* RECORD EXTRACTS

[Start of Attachment]

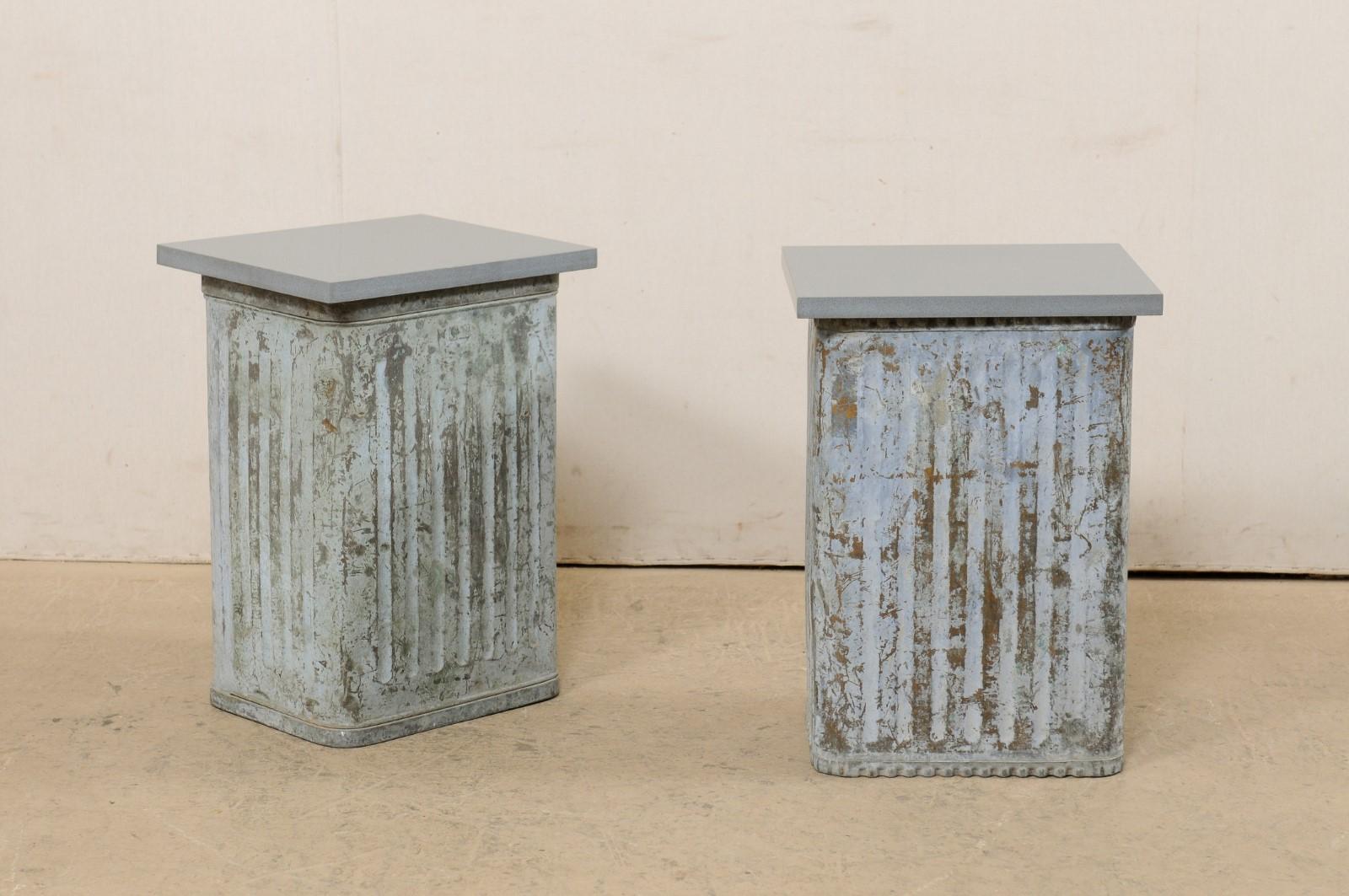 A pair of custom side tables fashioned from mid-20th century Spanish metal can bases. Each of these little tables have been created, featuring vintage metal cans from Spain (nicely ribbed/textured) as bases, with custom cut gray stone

[End of Attachment]
[Start of Attachment]

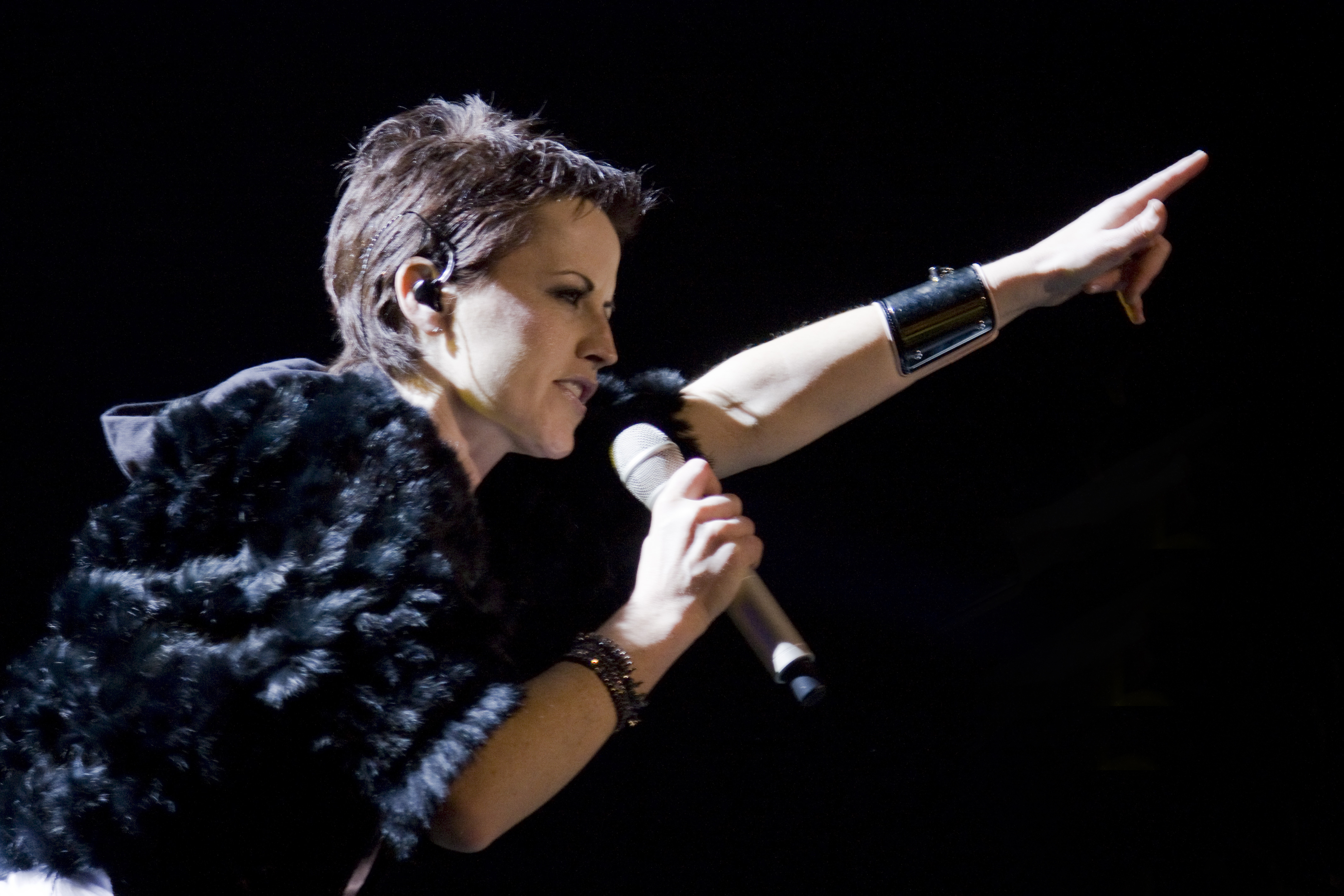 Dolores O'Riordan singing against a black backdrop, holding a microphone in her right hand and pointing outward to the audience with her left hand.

[End of Attachment]
[Start of Attachment]

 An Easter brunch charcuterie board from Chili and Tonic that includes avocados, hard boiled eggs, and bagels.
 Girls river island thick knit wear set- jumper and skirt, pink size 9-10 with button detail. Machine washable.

[End of Attachment]

* WHAT THE TASK REQUIRES
From the material above, retype precisely the lines between the line holding "An Easter brunch" and the line holding "Girls river island", inclusive, and nothing beyond them.

* RESPONSE
 An Easter brunch charcuterie board from Chili and Tonic that includes avocados, hard boiled eggs, and bagels.
 Girls river island thick knit wear set- jumper and skirt, pink size 9-10 with button detail. Machine washable.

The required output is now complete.